In this reaction, heat is a reactant, and it is an exothermic reaction. When the system is heated, the equilibrium will shift to the left, favoring the formation of more reactants (CO and H2) and less product (CH3OH). This is to counteract the increase in temperature and consume some of the added heat through the reverse reaction.

For this reaction, the value of K will decrease at higher temperatures due to the shift in equilibrium favoring the reactants.

d. 8 ZnS(g) ⇌ 8 Zn(g) + S8(g)

This reaction involves the decomposition of zinc sulfide (ZnS) into zinc (Zn) and sulfur (S8) gas. This is an endothermic reaction, and increasing the temperature will shift the equilibrium to the right, favoring the formation of more products (Zn and S8 gas). The concentration of Zn and S8 gas will increase.
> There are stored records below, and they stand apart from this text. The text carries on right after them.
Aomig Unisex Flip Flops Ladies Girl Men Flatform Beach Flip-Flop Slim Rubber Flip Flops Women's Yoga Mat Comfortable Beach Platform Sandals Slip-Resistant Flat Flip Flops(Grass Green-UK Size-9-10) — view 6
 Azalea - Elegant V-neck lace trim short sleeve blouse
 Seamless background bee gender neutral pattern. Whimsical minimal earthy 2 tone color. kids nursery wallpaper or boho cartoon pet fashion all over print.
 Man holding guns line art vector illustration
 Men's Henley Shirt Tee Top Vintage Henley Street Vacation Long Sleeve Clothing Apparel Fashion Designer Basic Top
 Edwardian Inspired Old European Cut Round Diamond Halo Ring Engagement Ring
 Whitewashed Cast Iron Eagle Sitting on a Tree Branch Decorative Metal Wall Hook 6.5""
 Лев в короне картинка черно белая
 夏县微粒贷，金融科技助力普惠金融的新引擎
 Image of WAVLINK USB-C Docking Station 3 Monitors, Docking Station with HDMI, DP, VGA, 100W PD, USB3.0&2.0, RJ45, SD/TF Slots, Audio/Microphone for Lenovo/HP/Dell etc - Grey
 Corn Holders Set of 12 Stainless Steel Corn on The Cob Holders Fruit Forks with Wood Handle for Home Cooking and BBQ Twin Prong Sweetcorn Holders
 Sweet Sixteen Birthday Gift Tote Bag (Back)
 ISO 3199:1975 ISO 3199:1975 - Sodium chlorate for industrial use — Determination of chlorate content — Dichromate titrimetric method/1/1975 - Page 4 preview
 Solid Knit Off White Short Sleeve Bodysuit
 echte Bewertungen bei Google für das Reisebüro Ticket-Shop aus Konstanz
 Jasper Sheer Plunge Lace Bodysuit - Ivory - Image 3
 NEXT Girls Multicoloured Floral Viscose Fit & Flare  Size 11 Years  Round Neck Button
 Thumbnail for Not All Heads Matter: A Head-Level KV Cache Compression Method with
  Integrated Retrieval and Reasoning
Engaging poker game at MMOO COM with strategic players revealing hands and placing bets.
For this reaction, the value of K will increase at higher temperatures due to the shift in equilibrium favoring the products.

In summary:

a. The equilibrium will shift to the left, and K will decrease.

b. No shift in equilibrium, and K remains unchanged.

c. The equilibrium will shift to the left, and K will decrease.

d. The equilibrium will shift to the right, and K will increase.